Green Label Gives Texas Homes a Boost

A study of thousands of single-family houses shows that green certification is worth an average of $25,000 in resale value

Green means higher resale. A Texas study shows that green certification brought a 6% to 8% premium to the resale values of single-family homes.
Image Credit: McCombs School of Business

A new study examined 3,800 green-certified homes built in Texas between 2008 and 2016 and determined that green certification was worth a 6% boost in resale value. Certification under the Leadership in Energy and Environmental Design (LEED) program gave single-family houses in the Texas market an added 8% in value.

The University of Texas said in a news release that the study was conducted jointly by the McCombs School of Business at UT-Austin and the U.S. Green Building Council.
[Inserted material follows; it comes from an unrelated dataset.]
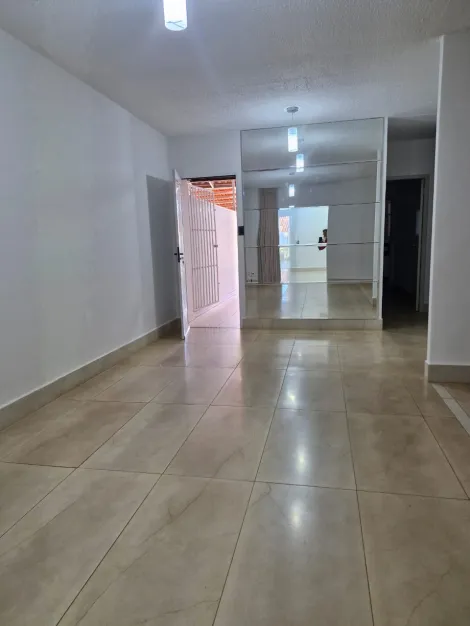 imagem 1 - Casa - Padrão imagem 1 - Casa - Padrão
The USGBC created and now administers the LEED rating system.

Greg Hallman, faculty director of the Real Estate Finance and Investment Center at the McCombs School and the lead author of the report, said, “The average new home in our Texas MLS data set sells for $311,000, so a 6- to 8-percent green premium represents a significant gain for homeowners, developers, and real estate agents and brokers.”

The report notes that the average value for a 1- to 2-year-old house was $307,000, so the 8% premium for a LEED certified house added $24,560 to its resale value. However, the report notes, “We caution [against] placing too much reliance on this LEED-only estimate as our regression sample for LEED-only contained only 139 LEED transactions.”

Still, the study could provide a marketing boost for the USGBC, which acknowledged in the preface to the report that Texas is one of the strongest housing markets in the country but the proportion of green-certified homes is still low.

“Studies conducted in other markets have been helpful in demonstrating a positive premium in sales price associated with LEED homes, but the applicability of such findings to Texas was unknown,” the report notes. Researchers relied on Texas MLS (multiple listing service) data for single-family homes for the years 2006 through 2016.

Researchers had access to sales records for about 231,000 houses. Green certification was more likely with newer homes. Of the 16,728 new homes, 1,540 carried some type of “green” certification (8.43%) while only 86, or 0.51% were LEED-certified. In addition to LEED certification, the green category included Energy Star and Austin Energy Green Building.

A 2012 study of 1.6 million single-family homes in California found that homes with green labels sold for an average of 9% more than comparable houses without the label.

One issue the study does not address is whether original construction costs for green or LEED certified houses were higher than non-certified houses, and if so by how much.